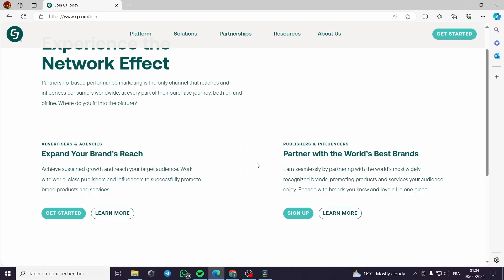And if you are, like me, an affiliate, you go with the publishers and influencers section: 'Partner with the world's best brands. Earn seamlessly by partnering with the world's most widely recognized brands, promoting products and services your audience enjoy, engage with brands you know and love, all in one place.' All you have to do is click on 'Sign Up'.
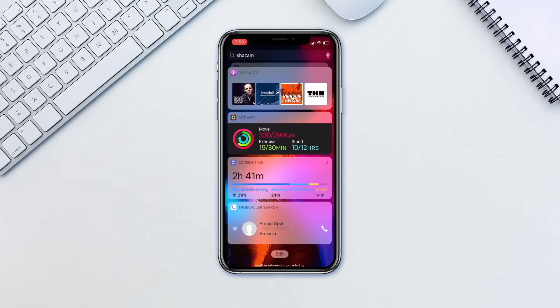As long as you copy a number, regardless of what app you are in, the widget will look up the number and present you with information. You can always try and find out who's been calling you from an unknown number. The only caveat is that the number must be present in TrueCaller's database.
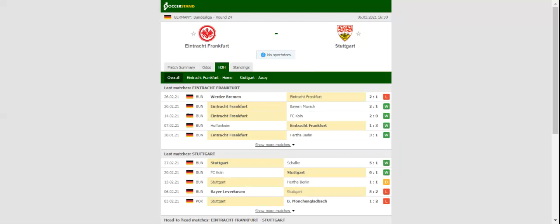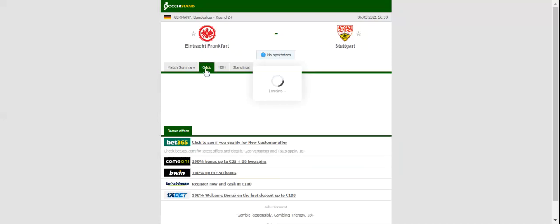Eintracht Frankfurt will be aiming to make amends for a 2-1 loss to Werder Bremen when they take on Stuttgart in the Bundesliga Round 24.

● ● ●

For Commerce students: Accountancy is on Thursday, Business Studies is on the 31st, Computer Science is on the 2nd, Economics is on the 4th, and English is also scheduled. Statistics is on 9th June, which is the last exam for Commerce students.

● ● ●

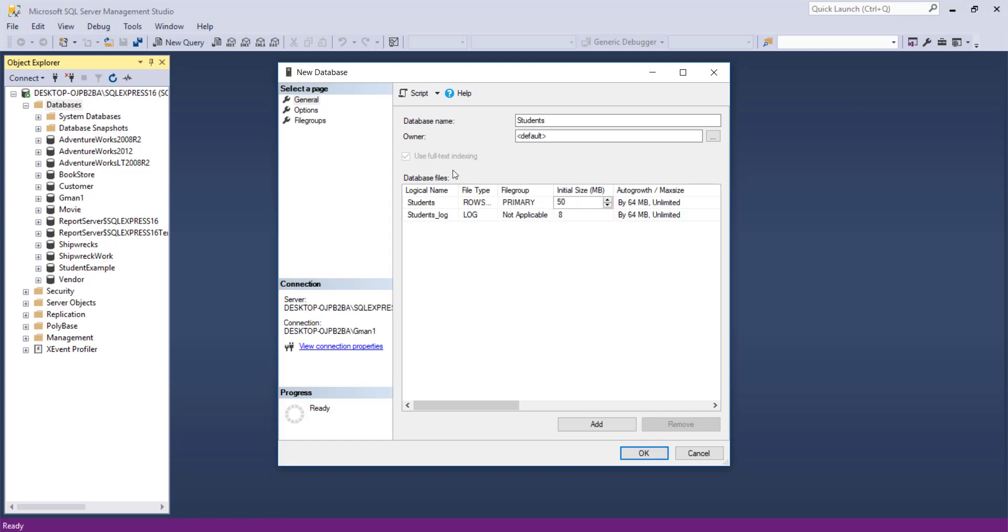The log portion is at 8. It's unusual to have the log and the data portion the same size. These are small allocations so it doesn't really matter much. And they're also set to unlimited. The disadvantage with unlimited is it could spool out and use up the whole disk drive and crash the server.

● ● ●

§ **WHAT TO WORK ON**
Reproduce the lines above starting at the one with "And if you are, like" and ending at the one with "Eintracht Frankfurt will", both included, exactly and with no pictures.

§ **ANSWER BELOW**
And if you are, like me, an affiliate, you go with the publishers and influencers section: 'Partner with the world's best brands. Earn seamlessly by partnering with the world's most widely recognized brands, promoting products and services your audience enjoy, engage with brands you know and love, all in one place.' All you have to do is click on 'Sign Up'.
As long as you copy a number, regardless of what app you are in, the widget will look up the number and present you with information. You can always try and find out who's been calling you from an unknown number. The only caveat is that the number must be present in TrueCaller's database.
Eintracht Frankfurt will be aiming to make amends for a 2-1 loss to Werder Bremen when they take on Stuttgart in the Bundesliga Round 24.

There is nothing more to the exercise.